Lon/lat, but which ellipsoid?

Even though humanity has used longitude and latitude for centuries, the longitude and latitude coordinates of yesterday are probably not the ones we use today. Mariners in the Renaissance didn’t have the sophisticated electronics we have now, and their guess at the location of the poles was specious at best. One more thing, earth changes shape over time. This is why it’s important to not only pinpoint a location by lon/lat. You can have NAD 27 lon/lat, NAD 80 lon/lat, and WGS 84 lon/lat, and each is subtly different. A pirate during the golden age of pirates probably recorded his buried treasures using lon/lat significant to one-tenth of a degree. He probably didn’t mention ellipsoid. Good luck trying to find his treasure.


The ellipsoid only models the overall shape of the earth. After picking out an ellipsoid, you need to anchor it to use it for real-world navigation. Every ellipsoid which isn’t a perfect sphere has two poles. This is where the axis arrives at the surface. These ellipsoid poles must be tagged permanently to true points on earth. This is where the datum comes into play. Even if two reference systems use the same ellipsoid, they could still have different anchors, or datum, on earth.

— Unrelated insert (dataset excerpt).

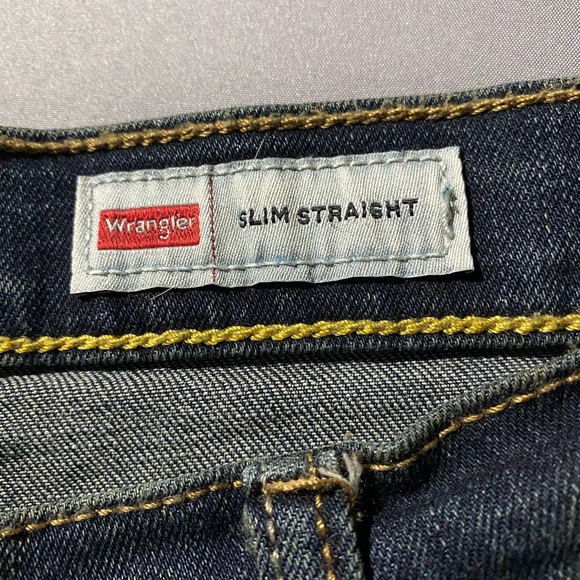Wrangler Dark Blue Straight Jeans - Picture 6 of 10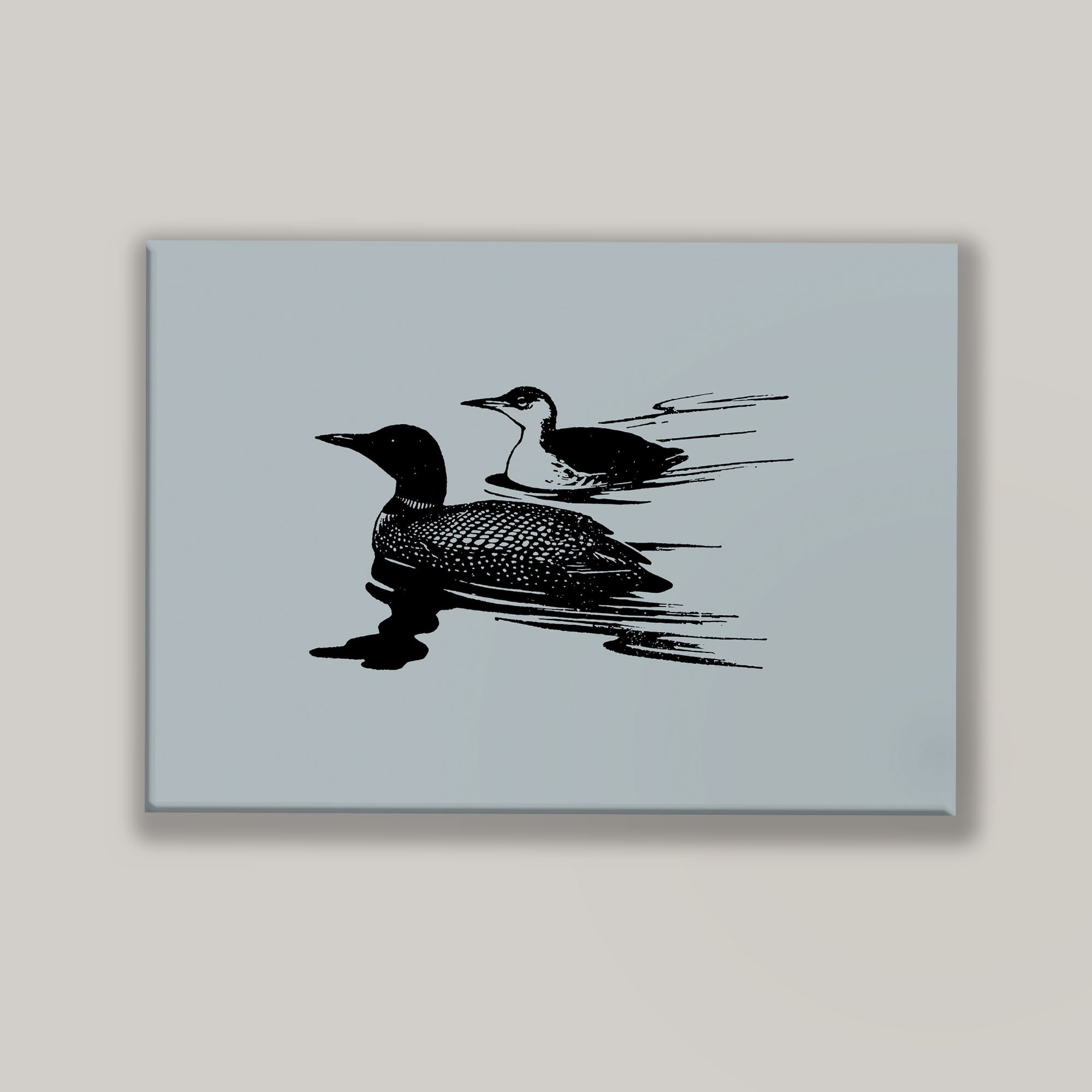 Two Loons in Blue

  • NAD 83 (North American Datum 1983, which is often accompanied by the GRS 80 ellipsoid)
  • NAD 27 (North American Datum 1927, which is generally accompanied by the Clarke 1866/NAD 27 ellipsoid)
  • European Datum 1950
  • Australian Geodetic System 1984

Coordinate reference system

Many people confuse coordinate reference systems with spatial reference systems. A coordinate reference system is only one necessary ingredient which goes into the making of an SRS and isn’t the SRS itself. To identify a point on your reference ellipsoid, you need a coordinate system.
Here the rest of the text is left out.